All we are saying, or at least what Robert Stacy McCain is saying, is give atavistic xenophobia a chance:
Except for straight, white, Protestant males, the only path to authentic identity under the multicultural regime is to separate yourself from the mainstream and strike a pose of alienated grievance. You’re only an authentic woman if you’re a militant feminist, and you’re only an authentic Latino if you’re marching with MALDEF.
Because such a posture only makes sense in the context of oppression and victimhood, everybody walks around with their insensitivity-detectors set to “stun,” prepared to blast anyone suspected of less-than-perfect tolerance. If it weren’t for racism, sexism and homophobia, the identity-politics lobbies wouldn’t have a fundraising raison d’etre, so they have a vested interest in magnifying every grievance.
“Tolerance,” incidentally, used to mean the ability to stand pain (from the Latin tolerare, to endure), or the range of acceptable deviation in a piece being machined. Its least-useful connotation, though, is not in this particular realm, but where it’s buckled behind the quantity “zero,” invariably found attached to an institution that honors buzzwords over brains.

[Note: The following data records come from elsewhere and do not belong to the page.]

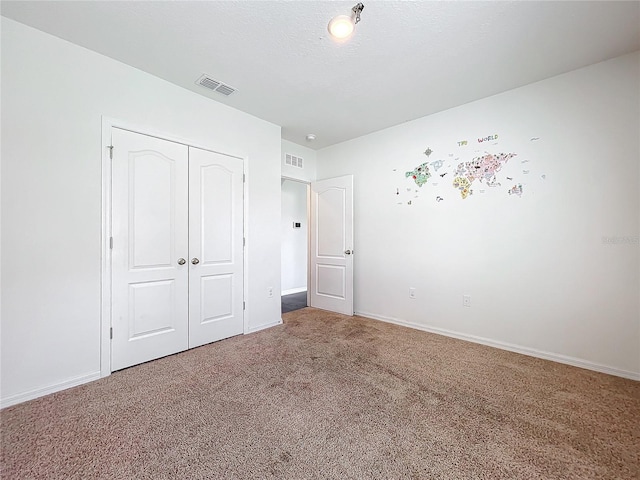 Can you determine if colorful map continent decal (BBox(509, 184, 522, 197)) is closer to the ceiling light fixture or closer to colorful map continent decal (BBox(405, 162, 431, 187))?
colorful map continent decal (BBox(405, 162, 431, 187))

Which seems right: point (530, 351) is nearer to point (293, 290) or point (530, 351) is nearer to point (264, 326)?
point (264, 326)

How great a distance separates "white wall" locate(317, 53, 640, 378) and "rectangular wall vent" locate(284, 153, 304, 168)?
143 cm

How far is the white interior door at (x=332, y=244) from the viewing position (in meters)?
4.12

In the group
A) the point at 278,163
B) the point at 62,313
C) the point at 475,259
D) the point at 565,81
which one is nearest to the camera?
the point at 62,313

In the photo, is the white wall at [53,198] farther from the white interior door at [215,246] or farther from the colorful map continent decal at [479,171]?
the colorful map continent decal at [479,171]

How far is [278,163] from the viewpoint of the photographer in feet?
12.2

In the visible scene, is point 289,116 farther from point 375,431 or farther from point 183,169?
point 375,431

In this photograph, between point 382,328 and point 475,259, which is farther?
point 382,328

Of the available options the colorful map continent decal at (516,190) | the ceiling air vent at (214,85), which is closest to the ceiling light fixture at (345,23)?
the ceiling air vent at (214,85)

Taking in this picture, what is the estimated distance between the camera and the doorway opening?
594 centimetres

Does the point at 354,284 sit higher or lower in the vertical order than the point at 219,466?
higher

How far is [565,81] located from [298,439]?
3.72 m

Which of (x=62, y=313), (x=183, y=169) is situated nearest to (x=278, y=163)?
(x=183, y=169)

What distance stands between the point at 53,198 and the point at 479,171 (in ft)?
13.0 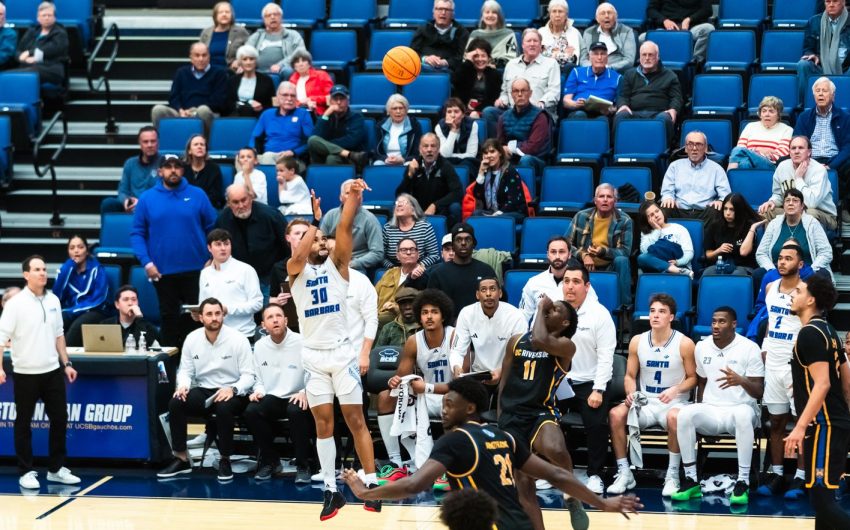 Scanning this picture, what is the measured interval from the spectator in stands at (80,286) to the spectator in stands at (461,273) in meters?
3.24

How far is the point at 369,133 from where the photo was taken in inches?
561

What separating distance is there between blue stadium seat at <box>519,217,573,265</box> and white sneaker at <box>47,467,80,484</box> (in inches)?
173

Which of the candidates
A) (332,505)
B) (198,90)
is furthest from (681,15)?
(332,505)

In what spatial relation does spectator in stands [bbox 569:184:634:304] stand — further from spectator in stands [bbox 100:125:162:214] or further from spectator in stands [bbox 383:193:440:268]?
spectator in stands [bbox 100:125:162:214]


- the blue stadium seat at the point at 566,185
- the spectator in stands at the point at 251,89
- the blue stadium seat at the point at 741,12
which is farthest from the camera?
the blue stadium seat at the point at 741,12

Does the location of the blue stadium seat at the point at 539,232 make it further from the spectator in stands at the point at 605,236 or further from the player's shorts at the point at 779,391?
the player's shorts at the point at 779,391

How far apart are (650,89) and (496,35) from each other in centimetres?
197

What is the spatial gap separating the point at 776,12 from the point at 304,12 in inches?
220

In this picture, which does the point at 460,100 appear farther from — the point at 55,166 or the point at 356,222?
the point at 55,166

This is, incidentally, not to deny the existence of actual grievances; were every last one of them immediately resolved, however, a lot of people would be out of work.
This mau-mau attitude actually causes more problems than it solves. The activist types who acquire money and influence by exaggerating evidence of “oppression” don’t really give a damn about the people they claim to represent. CAIR isn’t about the average Muslim any more than the National Council of Churches is about the average Methodist or the AFL-CIO is about the average blue-collar worker. The identity-politics professionals are merely exploiting the collective groups they claim to represent.
Not to mention the fact that anyone who tried to speak for the Syrian-Lebanese/Mexican/Scots-Irish likes of me would have to be wearing more hats than Bartholomew Cubbins.
And speaking of hats, a tip of the nearest one to Tom Wolfe, for putting “mau-mau” into the vernacular.